COD vs BOD₅ vs TOC — Three Different Measurements

  • COD: CHEMICALLY oxidizable matter via dichromate. Includes organics + reduced inorganics (sulfide, ferrous, nitrite). 2-h analysis. mg O₂/L.
  • BOD₅: BIOLOGICALLY oxidizable matter via 5-day microbial respiration test. Includes only biodegradable organics. 5-day analysis. mg O₂/L.
  • TOC: Total Organic Carbon by combustion / NDIR detection. Direct organic carbon mass. ~10-min analysis. mg C/L.
  • Typical relationships (municipal wastewater): BOD₅ / COD ≈ 0.4-0.6; COD / TOC ≈ 3 (by mass). High COD/BOD₅ ratio (> 3) signals non-biodegradable or toxic organics.
Real-World Example

Worked Example — Compute COD for Mid-Range Wastewater

Scenario. A municipal wastewater plant operator samples raw influent. Sample volume V = 2.0 mL. Standardized FAS at 0.100 N. Blank titration: A = 10.10 mL FAS to ferroin endpoint. Sample titration: B = 6.40 mL FAS.
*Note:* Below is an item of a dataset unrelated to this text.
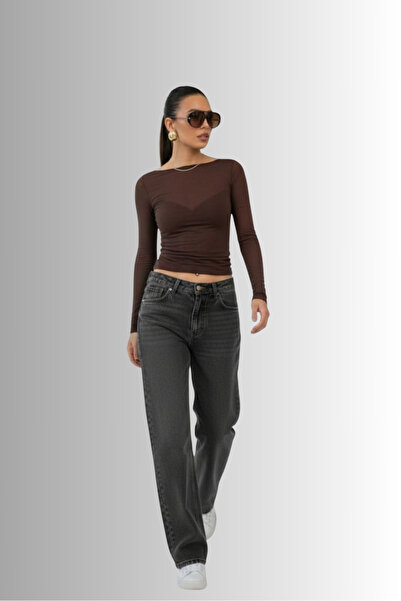 Windy Island Transparent Boat Neck Blouse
Step 1 — Compute the titration difference.

  • (A − B) = 10.10 − 6.40 = 3.70 mL.
  • This is the volume of FAS NOT consumed by sample-side dichromate — equivalent to the dichromate that the sample reduced.
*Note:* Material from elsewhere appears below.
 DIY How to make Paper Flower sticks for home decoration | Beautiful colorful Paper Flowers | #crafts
Step 2 — Apply the COD formula.

  • COD = (A − B) × N × 8000 / V_sample
  • COD = 3.70 × 0.100 × 8000 / 2.0
  • COD = 2960 / 2.0 = 1480 mg O₂/L.

Step 3 — Classification.

  • 1480 mg O₂/L falls in the 500-1500 mg/L band → Raw municipal wastewater (high end).
  • This is at the upper limit of typical municipal influent — likely indicates concentrated industrial discharge mixed in (food processing, brewery, pharmaceutical) or wet-weather first-flush.

Step 4 — QC Cross-Check (run a KHP standard alongside).
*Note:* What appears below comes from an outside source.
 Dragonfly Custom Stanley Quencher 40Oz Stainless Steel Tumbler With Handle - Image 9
  • 500 mg/L KHP standard. Theoretical COD = 500 × 1.176 = 588 mg O₂/L.
  • Suppose KHP titration gives (A − B) = 1.47 mL with same N, V: COD = 1.47 × 0.10 × 8000 / 2.0 = 588 mg/L.
  • Recovery = 588 / 588 = 100% — analytical method is in control.

Step 5 — Reporting.

  • Report: COD = 1480 mg O₂/L (or 1.48 g/L) for sample collected on [date], analyzed by EPA Method 410.4 / SM 5220-D.
  • For loading reporting at 10 MGD flow: 1480 mg/L × 10 × 10⁶ gal/day × 8.345 × 10⁻⁶ lb/(mg·L⁻¹·gal) = 123,500 lb COD/day.

Who Should Use the COD Calculator?

1
Daily monitoring of influent and effluent COD — track removal efficiency (typical 80-95% for activated sludge), detect upsets, optimize aeration energy and chemical doses, and document compliance with discharge permits.
2
EPA Method 410.4 is the regulatory reference for self-monitoring under NPDES permits. Required by US POTW pretreatment programs, EU Urban Waste Water Directive, and most national environmental agencies.
3
Dairy, brewery, distillery, slaughterhouse, and food-canning effluents have very high COD (1000-50,000 mg/L). On-site COD monitoring drives anaerobic-digestion design, biogas yield prediction, and sludge management.
4
Black liquor, bleach effluent, oil refinery wastewater all run COD > 10,000 mg/L; on-site digesters, MBRs, and ozonation systems are sized from measured COD load. Required for environmental permitting.
5
River, lake, and estuary monitoring under Clean Water Act § 305(b) and TMDL programs. Detect non-point pollution, agricultural runoff, urban stormwater impact.
6
Methane potential ≈ 0.35 m³ CH₄ per kg COD removed (theoretical max). Design AD reactor volume from feedstock COD load; track removal efficiency and biogas yield.
7
COD is a textbook environmental-chemistry concept — understanding the dichromate back-titration, the 8000 factor, and the COD/BOD/TOC relationships is fundamental for water-quality coursework.

Technical Reference

Standard Method Equivalents. US EPA Method 410.4 (Determination of Chemical Oxygen Demand by Semi-Automated Colorimetry, 1993); APHA Standard Methods for the Examination of Water and Wastewater 5220-B (Open Reflux), 5220-C (Closed Reflux Titrimetric), 5220-D (Closed Reflux Colorimetric); ISO 6060:1989 (Water Quality — Determination of Chemical Oxygen Demand); HACH Method 8000 (Reactor Digestion). All methods rely on the same chemistry; differences are in digestion vessel (open vs sealed), endpoint detection (titration vs colorimetric absorbance at 600 nm for Cr³⁺ or 420 nm for residual Cr₂O₇²⁻), and pre-dosed reagent vials vs lab-prepared reagents.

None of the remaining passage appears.